The two parameter sets were tested against independently measured data from the horizontal columns (Column data Set B) and the point-source wedge experiments. Predicted water distributions and measured water content in the horizontal columns from column Set B are shown in Fig. 3A. We have plotted θ and NO₃^– profiles against the Boltzmann variable X (distance/√time; cm s^−1/2; Smiles et al., 1978; Phillips & Bond, 1989). Both parameter sets showed similarly good correspondence to the measured data (continuous and dotted lines), which is confirmed by the RMSE and R² values (Table 4). Accurate predictions of θ profiles after absorbing water for 80 and 320 min are not surprising given that data from Set A (27–70 min) are not statistically different from Set B when normalised against the Boltzmann variable. The results, however, do show that under the unsaturated absorption scenario, predictions made for longer times (80 and 320 min) are still accurate when the predictions are extended beyond the range of optimised data. The consistency between predictions based on short time θ and NO₃^– data (Set A) and longer time θ and NO₃^– data (Set B) further demonstrate the experiments had a good degree of repeatability and produced consistent data across a range of time scales.

In comparison, predicted water content using soil hydraulic parameters determined by Rosetta are shown in Fig. 4. These data show the piston front to be significantly behind the measured data (combined data from column Set A and B) especially when the water content at −33 and −1,500 kPa are included in the model. Removal of the FeO before determining the sand, silt, and clay content did not improve the predictions of water retention parameters or saturated hydraulic conductivity. Deriving the water retention parameters and saturated hydraulic conductivity with Rosetta, values that use PTFs to predict the Van Genuchten parameters, produced significant inaccuracies in the predictions (see Fig. 4). In these experiments they are certainly less accurate than parameters derive from inverse modelling (Fig. 3).

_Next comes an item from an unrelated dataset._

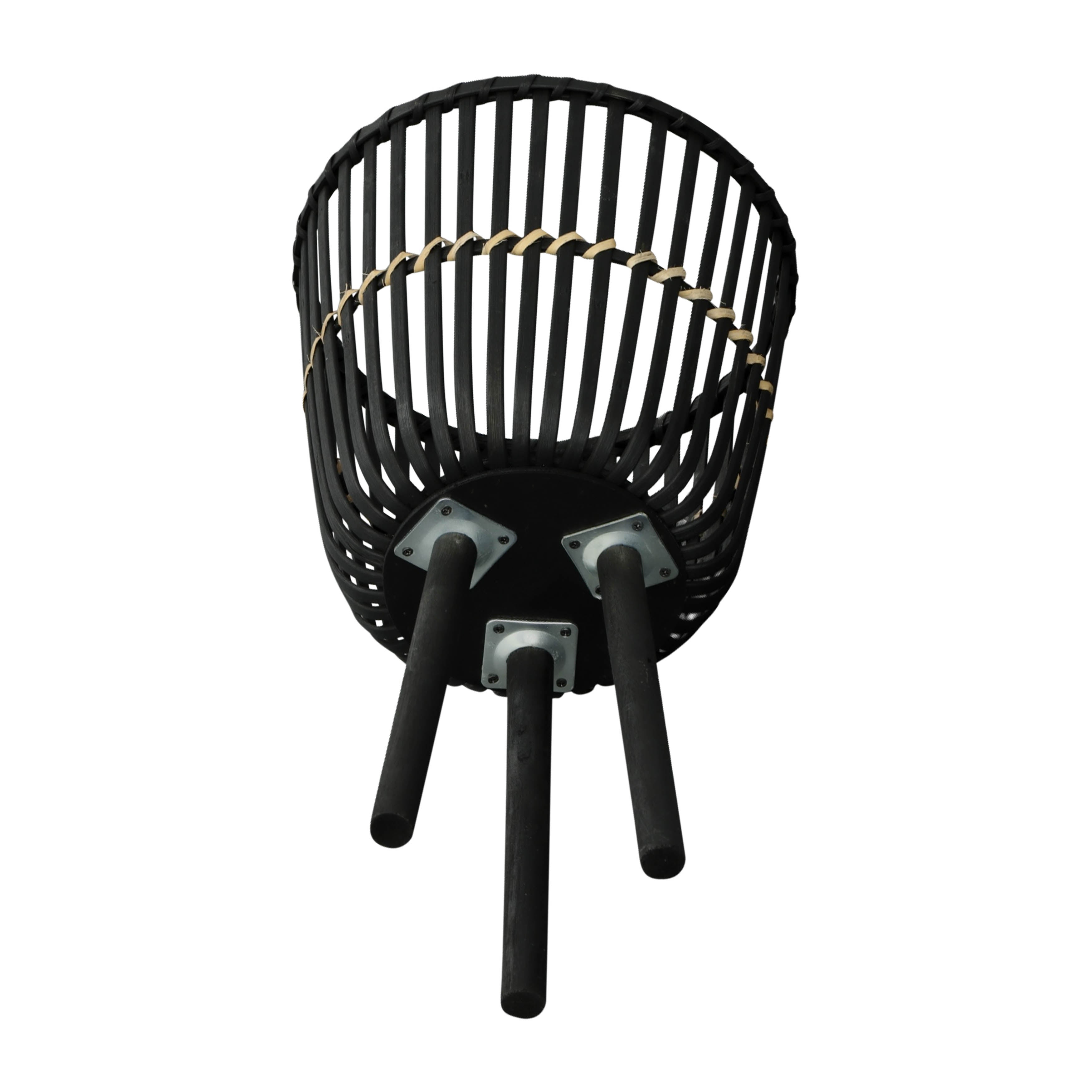 S/3 Bamboo Footed Planters 11/13/15", Black - Decor Addict, LLC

The predicted NO₃^– distribution is shown in Fig. 3B. The measured and predicted NO₃^– distributions were compared from both Set A (27–70 min) and Set B (80 and 320 min) because the NO₃^– distribution was not used in the inverse optimisation. The good prediction of NO₃^– distribution by the two parameter sets, when the Langmuir isotherm parameters were included in the simulations, is confirmed by the R² and RMSE values (Table 4). Due to the inaccuracy of water content prediction using Rosetta, no NO₃^– data are presented.

Model validation using 3D wedge infiltration

The predicted distributions of water and NO₃^– throughout the soil wedge after the two irrigation scenarios are shown in Fig. 5. This figure also shows the positions of horizontal and vertical transects presented in Figs. 6 and 7. These figures show the agreement between the measured and predicted water and NO₃^– profiles in the wedge. Comparisons of the RMSE and R² calculations indicated that both the Fit All and Set Measured parameter sets predicted very similar distributions, although the Fit All parameters produced slightly better predictions of NO₃^– distribution in the longer irrigation scenario. The measured RMSE, calculated from columns where duplicate measurements were taken at identical times and locations, were similar to the RMSE of the predicted values (Table 5). This indicates that the errors between the measured and predicted values were very similar to the errors of replicate measurements at identical points and times in the wedge experiments. The predictions achieved using the two parameter sets were therefore considered to be suitable to estimate water and NO₃^– distribution in the point-source flow scenario of the wedge column. The “Set Measured” parameters are preferred because there is less auto correlation between the fitted parameters (α, n, l).